But there's more. Unmatched data may get matched by subsequently submitted data, and partially matched data may be updated by refreshed submitted data. Workflow metadata needs to be associated with outstanding items (unmatched, partially matched), and this workflow information has further details, like labels, comments, assigned users and groups, which in turn may be updated manually or automatically, with configurable rule-based automatic workflow classification and assignment.

Millions of records a day added, across lots of customers, adding up to billions of rows a day (multiple rows per record, naturally). Maybe 5% of inserted records will get meaningfully updated later, but 5% of a big number is still pretty big.

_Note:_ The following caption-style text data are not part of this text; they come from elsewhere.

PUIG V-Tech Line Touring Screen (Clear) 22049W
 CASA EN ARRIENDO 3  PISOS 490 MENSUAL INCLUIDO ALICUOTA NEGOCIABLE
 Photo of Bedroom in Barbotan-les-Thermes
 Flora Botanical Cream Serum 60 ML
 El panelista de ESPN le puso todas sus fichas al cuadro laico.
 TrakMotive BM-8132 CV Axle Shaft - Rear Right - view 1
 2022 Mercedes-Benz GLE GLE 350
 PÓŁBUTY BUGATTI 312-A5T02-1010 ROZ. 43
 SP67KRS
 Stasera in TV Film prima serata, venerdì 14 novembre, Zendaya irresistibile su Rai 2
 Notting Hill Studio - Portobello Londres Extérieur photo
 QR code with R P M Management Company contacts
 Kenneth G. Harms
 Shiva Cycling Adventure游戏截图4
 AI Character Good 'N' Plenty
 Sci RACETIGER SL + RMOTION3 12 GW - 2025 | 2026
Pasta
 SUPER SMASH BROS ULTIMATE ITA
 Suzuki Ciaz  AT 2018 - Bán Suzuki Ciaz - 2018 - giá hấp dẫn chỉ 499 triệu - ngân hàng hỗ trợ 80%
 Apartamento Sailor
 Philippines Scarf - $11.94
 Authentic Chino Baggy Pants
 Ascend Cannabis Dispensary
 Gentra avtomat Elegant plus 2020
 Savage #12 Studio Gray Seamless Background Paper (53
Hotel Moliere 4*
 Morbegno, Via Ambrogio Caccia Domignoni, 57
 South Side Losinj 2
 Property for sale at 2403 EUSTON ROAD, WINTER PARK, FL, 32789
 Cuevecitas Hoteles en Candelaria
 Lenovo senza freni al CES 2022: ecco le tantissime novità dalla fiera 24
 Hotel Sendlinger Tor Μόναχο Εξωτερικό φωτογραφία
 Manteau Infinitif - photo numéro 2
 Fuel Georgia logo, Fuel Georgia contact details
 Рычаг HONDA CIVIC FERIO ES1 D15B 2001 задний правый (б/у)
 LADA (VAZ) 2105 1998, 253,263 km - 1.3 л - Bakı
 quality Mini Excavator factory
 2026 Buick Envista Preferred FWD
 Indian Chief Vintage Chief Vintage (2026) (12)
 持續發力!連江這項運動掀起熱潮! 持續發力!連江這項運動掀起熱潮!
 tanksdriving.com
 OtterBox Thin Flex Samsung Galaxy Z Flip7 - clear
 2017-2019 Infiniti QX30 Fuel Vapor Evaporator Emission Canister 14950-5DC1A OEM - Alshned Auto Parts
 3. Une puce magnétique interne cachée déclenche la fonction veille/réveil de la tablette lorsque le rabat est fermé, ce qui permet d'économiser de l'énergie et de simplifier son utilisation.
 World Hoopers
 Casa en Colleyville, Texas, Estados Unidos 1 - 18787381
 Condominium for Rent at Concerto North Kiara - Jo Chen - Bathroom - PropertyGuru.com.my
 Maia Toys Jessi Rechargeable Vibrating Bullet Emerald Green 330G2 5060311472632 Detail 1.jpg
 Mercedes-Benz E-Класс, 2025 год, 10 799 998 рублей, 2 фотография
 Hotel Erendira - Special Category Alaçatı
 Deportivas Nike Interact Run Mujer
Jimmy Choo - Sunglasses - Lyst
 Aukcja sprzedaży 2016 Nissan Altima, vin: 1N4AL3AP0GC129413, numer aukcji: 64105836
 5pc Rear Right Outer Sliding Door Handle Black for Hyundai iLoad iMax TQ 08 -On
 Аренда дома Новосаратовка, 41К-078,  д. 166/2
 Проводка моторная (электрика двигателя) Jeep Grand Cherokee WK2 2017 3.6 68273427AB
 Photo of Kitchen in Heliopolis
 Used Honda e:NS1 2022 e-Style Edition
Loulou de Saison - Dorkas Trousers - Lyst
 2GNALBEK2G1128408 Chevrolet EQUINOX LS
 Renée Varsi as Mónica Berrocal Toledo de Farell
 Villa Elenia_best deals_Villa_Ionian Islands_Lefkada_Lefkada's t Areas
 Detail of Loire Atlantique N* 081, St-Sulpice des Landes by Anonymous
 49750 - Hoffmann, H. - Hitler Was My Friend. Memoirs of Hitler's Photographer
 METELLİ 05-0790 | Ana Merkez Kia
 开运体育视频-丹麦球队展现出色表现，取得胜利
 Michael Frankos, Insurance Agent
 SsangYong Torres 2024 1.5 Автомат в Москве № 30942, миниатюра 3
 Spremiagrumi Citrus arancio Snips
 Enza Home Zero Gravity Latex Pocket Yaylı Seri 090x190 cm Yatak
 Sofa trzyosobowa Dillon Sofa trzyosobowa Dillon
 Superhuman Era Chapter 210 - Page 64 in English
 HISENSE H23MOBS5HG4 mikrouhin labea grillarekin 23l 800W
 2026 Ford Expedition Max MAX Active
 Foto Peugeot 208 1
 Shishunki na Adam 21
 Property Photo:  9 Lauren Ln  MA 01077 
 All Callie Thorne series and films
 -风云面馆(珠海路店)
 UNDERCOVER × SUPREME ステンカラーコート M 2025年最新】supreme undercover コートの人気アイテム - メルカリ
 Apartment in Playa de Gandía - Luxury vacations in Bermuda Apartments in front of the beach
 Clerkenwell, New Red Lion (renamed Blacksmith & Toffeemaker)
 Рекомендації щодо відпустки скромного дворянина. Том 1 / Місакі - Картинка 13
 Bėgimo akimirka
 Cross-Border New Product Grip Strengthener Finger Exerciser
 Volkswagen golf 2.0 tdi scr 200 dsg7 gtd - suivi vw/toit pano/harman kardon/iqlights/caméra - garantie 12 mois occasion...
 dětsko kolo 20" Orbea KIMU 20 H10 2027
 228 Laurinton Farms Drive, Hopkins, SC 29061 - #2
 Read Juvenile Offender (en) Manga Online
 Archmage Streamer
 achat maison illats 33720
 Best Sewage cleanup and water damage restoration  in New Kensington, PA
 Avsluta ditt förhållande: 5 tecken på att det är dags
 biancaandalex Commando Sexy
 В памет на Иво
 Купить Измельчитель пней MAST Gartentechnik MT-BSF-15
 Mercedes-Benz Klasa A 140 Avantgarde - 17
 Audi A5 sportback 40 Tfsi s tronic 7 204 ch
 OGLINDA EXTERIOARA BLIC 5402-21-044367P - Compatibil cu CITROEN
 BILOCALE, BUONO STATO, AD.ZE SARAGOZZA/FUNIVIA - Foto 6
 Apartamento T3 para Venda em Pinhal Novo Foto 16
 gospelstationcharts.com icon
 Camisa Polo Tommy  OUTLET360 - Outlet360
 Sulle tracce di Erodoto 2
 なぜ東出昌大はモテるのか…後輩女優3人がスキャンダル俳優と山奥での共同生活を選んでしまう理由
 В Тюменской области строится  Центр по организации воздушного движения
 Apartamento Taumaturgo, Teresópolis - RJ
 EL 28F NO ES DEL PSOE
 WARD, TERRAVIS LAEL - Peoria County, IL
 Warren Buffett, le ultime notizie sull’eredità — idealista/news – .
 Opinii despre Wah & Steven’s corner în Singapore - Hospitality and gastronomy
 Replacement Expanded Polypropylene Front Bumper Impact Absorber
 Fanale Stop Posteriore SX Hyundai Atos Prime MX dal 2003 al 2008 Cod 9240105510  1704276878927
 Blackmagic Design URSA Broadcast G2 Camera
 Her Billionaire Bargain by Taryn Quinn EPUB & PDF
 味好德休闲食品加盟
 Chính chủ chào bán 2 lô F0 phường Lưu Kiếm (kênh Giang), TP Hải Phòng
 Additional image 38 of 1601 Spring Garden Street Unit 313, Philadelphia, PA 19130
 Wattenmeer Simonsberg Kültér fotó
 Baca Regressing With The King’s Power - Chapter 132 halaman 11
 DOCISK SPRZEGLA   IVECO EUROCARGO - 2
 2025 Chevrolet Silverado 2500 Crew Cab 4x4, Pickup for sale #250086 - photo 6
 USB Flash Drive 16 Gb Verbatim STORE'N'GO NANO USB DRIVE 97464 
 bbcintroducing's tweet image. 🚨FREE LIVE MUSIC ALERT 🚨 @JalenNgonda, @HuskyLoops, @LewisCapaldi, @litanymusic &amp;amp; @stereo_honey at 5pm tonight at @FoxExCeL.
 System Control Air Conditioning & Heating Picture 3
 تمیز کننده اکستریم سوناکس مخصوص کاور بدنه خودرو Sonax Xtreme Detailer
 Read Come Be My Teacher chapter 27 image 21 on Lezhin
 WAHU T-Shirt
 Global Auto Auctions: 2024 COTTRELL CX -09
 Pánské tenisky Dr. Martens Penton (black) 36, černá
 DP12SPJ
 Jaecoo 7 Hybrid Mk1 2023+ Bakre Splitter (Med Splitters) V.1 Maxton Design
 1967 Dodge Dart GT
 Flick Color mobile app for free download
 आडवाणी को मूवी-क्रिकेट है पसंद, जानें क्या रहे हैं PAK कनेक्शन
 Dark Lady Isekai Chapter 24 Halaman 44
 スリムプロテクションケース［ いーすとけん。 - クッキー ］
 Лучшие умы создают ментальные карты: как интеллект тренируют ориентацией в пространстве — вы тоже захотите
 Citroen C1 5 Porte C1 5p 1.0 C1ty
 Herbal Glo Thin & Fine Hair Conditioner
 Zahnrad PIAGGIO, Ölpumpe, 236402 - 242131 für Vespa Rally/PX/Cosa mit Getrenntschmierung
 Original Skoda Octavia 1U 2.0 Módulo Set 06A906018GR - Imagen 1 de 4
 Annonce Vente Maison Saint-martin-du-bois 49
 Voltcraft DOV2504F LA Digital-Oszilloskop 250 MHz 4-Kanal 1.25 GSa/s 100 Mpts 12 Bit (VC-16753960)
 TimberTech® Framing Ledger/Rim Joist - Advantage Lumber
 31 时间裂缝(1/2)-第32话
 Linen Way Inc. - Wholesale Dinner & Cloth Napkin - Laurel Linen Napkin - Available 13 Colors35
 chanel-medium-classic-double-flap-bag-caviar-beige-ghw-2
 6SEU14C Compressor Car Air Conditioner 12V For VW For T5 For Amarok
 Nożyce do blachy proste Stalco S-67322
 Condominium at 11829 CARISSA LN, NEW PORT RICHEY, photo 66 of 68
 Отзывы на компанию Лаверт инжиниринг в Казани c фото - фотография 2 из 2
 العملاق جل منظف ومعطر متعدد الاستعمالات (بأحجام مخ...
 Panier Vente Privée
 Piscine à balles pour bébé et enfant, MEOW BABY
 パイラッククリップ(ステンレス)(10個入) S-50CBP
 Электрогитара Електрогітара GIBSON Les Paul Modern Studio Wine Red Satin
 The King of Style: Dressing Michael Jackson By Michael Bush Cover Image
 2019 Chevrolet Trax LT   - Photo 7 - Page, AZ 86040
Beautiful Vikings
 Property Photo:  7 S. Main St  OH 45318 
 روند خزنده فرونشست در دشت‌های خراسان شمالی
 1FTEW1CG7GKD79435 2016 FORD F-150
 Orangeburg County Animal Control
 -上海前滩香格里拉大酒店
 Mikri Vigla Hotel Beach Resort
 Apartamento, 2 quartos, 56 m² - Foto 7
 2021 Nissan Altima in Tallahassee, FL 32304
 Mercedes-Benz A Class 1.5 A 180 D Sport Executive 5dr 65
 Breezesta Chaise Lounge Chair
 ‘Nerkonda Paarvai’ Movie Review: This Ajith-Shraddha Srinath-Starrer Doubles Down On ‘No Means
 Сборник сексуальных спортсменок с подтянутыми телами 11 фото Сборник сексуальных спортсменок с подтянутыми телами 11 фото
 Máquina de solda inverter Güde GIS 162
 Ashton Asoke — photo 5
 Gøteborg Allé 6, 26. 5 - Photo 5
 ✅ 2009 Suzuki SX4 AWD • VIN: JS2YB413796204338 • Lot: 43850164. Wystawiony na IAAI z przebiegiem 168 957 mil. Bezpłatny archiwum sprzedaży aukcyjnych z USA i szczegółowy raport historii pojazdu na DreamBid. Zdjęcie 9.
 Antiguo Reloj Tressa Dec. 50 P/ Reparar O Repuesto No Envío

Ideally recs would have 100% match rate and not need any workflow metadata because there would be no problems to assign to anyone, nor label or comment on. But match quality (often a function of customer maturity and sophistication) is variable, and more importantly, input batch skew is very common. That is, maybe an org gets a batch every evening from its counterparty, but submits an up-to-the-minute snapshot of its own data. If the skew is bad, every rec might have 30% unmatched data which will mostly be fully matched after the next batch comes in the next day. This overhang (called 'carry over' internally) needs to be managed; if it gets too stale (timestamps, expiry), if it doesn't in fact get matched off, if it gets refreshed by new data, etc.

Oh, and you can't stick everything denormalized into a document database and build nice fat indexes, because the bigger customers are hyper-cautious and don't want data intermingling, and running separate redundant services for every customer is too expensive.

It is an interesting problem - or at least it was, but it's not my problem any more!


Thanks for taking the time to explain that. Food for thought.


MySQL was the chosen store, chosen primarily for its (async) replication story which was better than Postgres back in 2012. Though I'm not sure it wouldn't still be a better choice today with the update load, I've had problems in personal toy (~20 million row) projects with slow bulk update speed in Postgres.

The last thing I did before I left was build out a mechanism for mirroring a denormalized copy of recent data in ClickHouse, partitioned by time (for matched) and type (for partials / unmatched). CH, being analytics oriented, works much better for the ad-hoc end user queries, which filter and sort on a handful of arbitrary columns - ideal for a columnar store. Interactive updates can be handled by CH's versioned merge tree table engine, and batch updates by rewriting the relevant partition from the source of truth in MySQL.

I chose CH primarily because it scaled down well for a columnar store - much better than anything in the Hadoop space. The conservatism of the market meant you couldn't just throw random cloud provider data mechanisms at it, nor a whole lot of fancy big stuff.


My thoughts exactly on point #1. Nothing in a hot path should take multiple seconds.


The hot path may be a SET inside an UPDATE which uses a join which needs to touch millions of rows.

You can break that query apart and run it in application logic: do some fetches, do application-side joins, do lots of little updates. Or you can write a single piece of SQL. The former is a whole lot more code and will run slower but individually each item will be fast. The latter is a lot less code and runs faster overall, but the single individual SQL statement will be slow.

No simple rules. It depends on the application.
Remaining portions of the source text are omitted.